Le deuil du deuxième enfant fut dur, je ne m'en cache pas. Encore aujourd'hui parfois, j'y pense...

Et puis il y a des soirs comme ce soir...

Eloïse va avoir 7 ans. Elle est indépendante, fait une partie de ses devoirs toute seule, elle joue relativement seule, mais surtout a des discutions passionnantes.

Nous sommes rentrées, Eloïse a couru après le chat, puis a rangé son cartable et son manteau, elle a joué un peu, puis a pris son bain, on a choisi ce qu'on mangerait ce soir ensemble... 

Il est 18h48, la maison est rangée, Eloïse a droit un peu à la tablette pendant que j'écris mon billet. Je n'ai pas d'autre enfant à laver, personne ne se bagarre pour la tablette ou un autre jeu, je n'ai pas d'autre enfant à habiller, à coiffer, à laver, pas de double devoirs ou d'enfant à occuper... 

Je crois que je suis trop indépendante et que j'ai besoin de trop de liberté pour être une bonne mère avec deux enfants. Aujourd'hui je suis contente d'être entièrement consacrée à ma fille, de ne pas avoir à programmer un temps, consacré à untel ou untel. Je suis contente de l'écouter et de la regarder grandir, d'avoir des temps privilégiés avec elle, et d'être à 100% consacrée à elle. Je suis contente de ne pas avoir à passer après le n°1 puis le n°2, de conserver du temps pour écrire, pour passer du temps dans la salle de bain, pour être égoïste. 

Oui, j'assume, je suis égoïste car aujourd'hui, je ne veux plus de deuxième enfant. Je suis heureuse avec ma fille et mon mec... J'ai du temps pour moi, dans cette période où je me cherche, où je me trouve, où j'apprends à m'aimer...
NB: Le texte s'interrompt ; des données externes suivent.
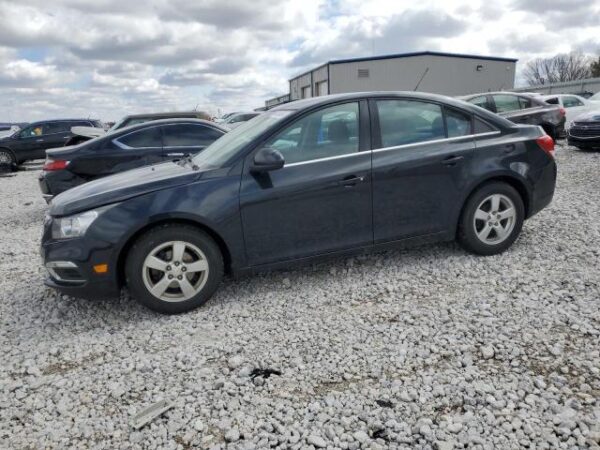 Chevrolet CRUZE 2016 - 1G1PE5SB2G7177123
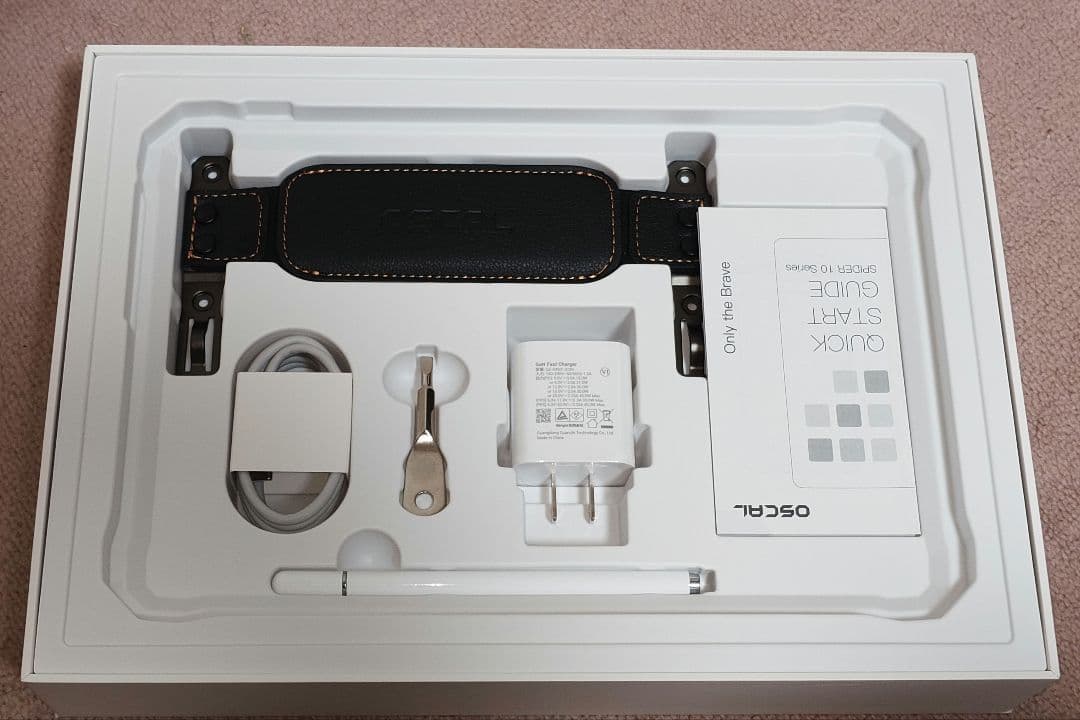 ポ*ー様 20000mAh・11インチタフネスタブレット・防塵防水・1100ルー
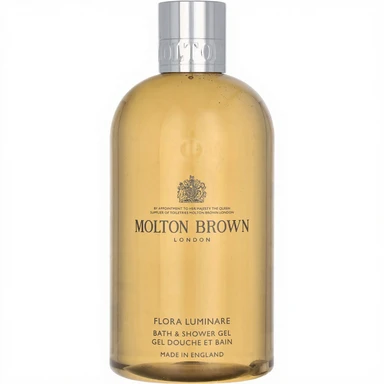 Molton Brown Flora Luminare Bad- & Douchegel 300 ml
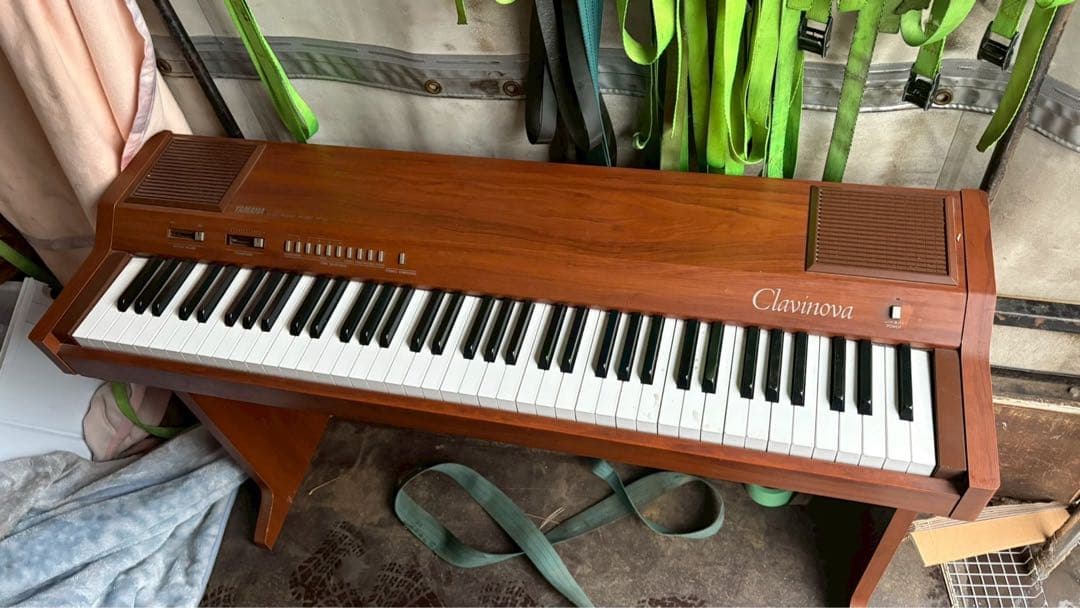 メンテナンス済　YAMAHA Clavinova YP-30 電子ピアノ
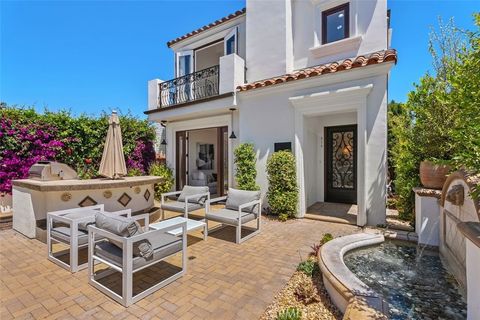 A home in Corona del Mar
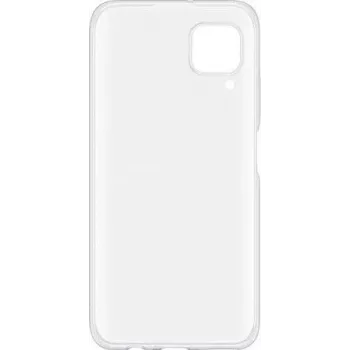 Huawei P40 Lite E suojakotelo läpinäkyvä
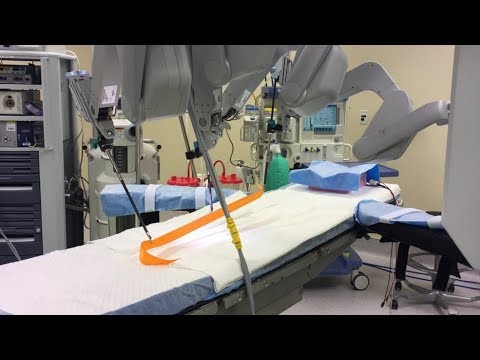 St. Rose Dominican Hospital unveils two state-of-the-art operating rooms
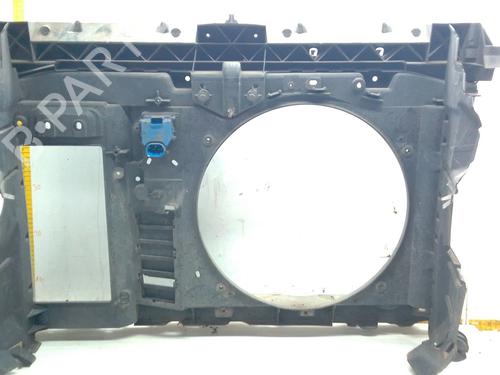 Used Front slam panel PEUGEOT PARTNER Box Body/MPV (5_, G_) 1.6 HDi 90 (90 hp) 30931791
Oui, je sais. Ma fille n'aura pas cette chance de connaitre la fraternité. Mais je n'ai pas de sœur. Je ne connais pas la complicité qui peut exister entre deux sœurs. Et puis je suis sans doute plus proche de mes amies que de mes propres frères. Est-ce vraiment toujours une chance?

Oui, je sais. Un jour, nous serons vieux, mourants. Ma fille devra gérer cela seule. Ou pas. Elle aura peut-être un amoureux ou une amoureuse, peut-être des enfants, des amis qui l'accompagneront dans ces difficultés là.

Oui je sais ils auraient pu s'entendre, être sages, s'aimer, jouer ensemble, être proche, indépendants.... Ils auraient pu aussi se disputer tout le temps, se détester, s'emmerder, ne pas faire leurs nuits avant leurs 12 ans, avoir un gros handicap... Jurer sur un qui n'existe pas ne rime à rien.

Aujourd'hui, je voulais juste dire que ce soir je suis libre d'écrire cet article, que je vais ponctuer là, maintenant tout de suite parce qu'on va préparer les gnocchis et la fille adore, faire la cuisine avec moi le soir.... Et ce temps là, avec elle je l'ai choisi.